Dazed and Confused is a movie about nothing. Nothing happens at all for an hour and 40 minutes. It also happens to be one of the best movies about adolescence ever filmed.
Director Richard Linklater loves making these kinds of movies. Dazed takes place in a day, much like Before Sunrise, Before Sunset, and Slacker (also, Waking Life takes place in a night). All those films have little traditional story arc (introduction, build-up, climax, finale), instead using deep character development and mundane conversation to drive home big overarching themes and ideas. Drugs often help, too, as is the case with Dazed and A Scanner Darkly.
Even Linklater’s Hollywood films, School of Rock and Bad News Bears, which seemingly have nothing in common with his other work, share a theme of youthful angst with Dazed.

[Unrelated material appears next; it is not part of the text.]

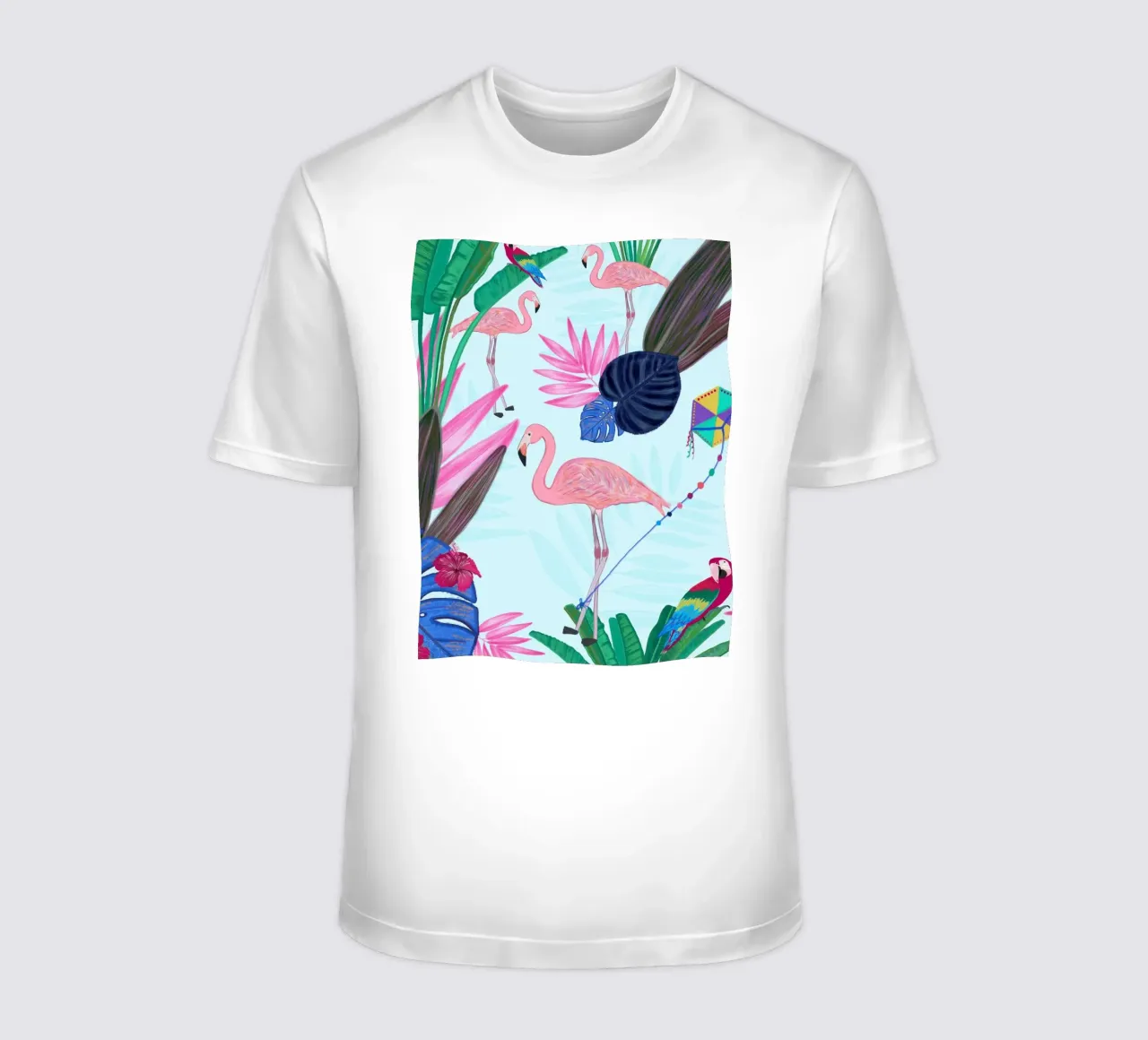 Flamingo with kite and banana tree summer time t-shirt by gulsengunel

In more ways than one, Dazed and Confused is his masterwork: A film that captures all the ideas, feelings and dreams covered in part throughout his entire filmography.

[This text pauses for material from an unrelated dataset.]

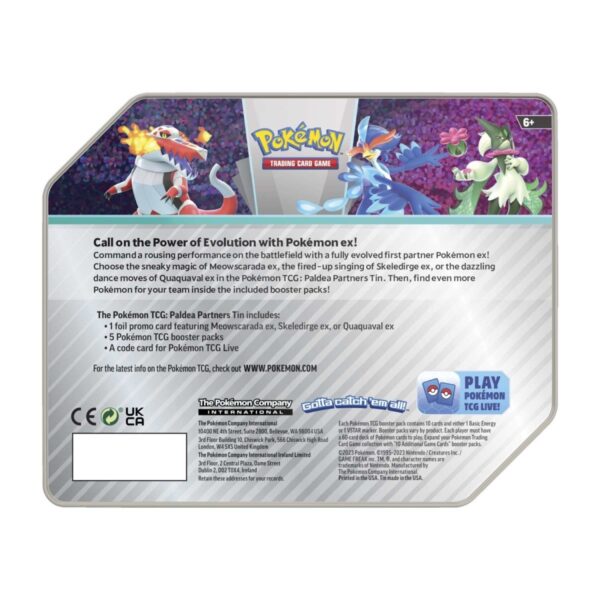 Pokemon Paldea Partners Tin (Quaquaval ex) - ingles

What’s striking about the presentation of teens in 1976 U.S.A. is the lack of order and discipline. These kids do whatever the hell they want: Alcohol? Check. Drugs? Check. Violence? Check. Disorderly conduct and property destruction? Check.

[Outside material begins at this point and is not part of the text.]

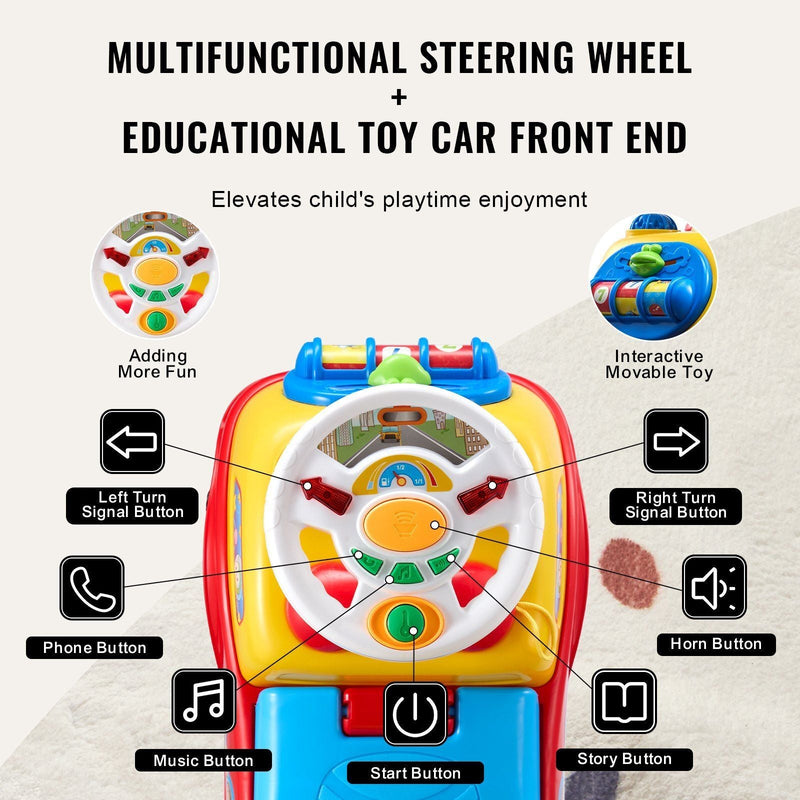 Load image into Gallery viewer, Toddler Ride-On Push Car with Music and Steering Wheel for Ages 1-3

Yet we know these characters well, because they are us, regardless of whether we grew up in The Great Depression or the Bush recession.
Who hasn’t dramatically stood up to authority to defend their beliefs and their “bad crowd” of friend, as Randall “Pink” Floyd does. Dazed and Confused shows us THE moment we found ourselves, and allows us to relive it as often as we like, minus the insecurity and boredom of that age.
THAT is why it is a great film.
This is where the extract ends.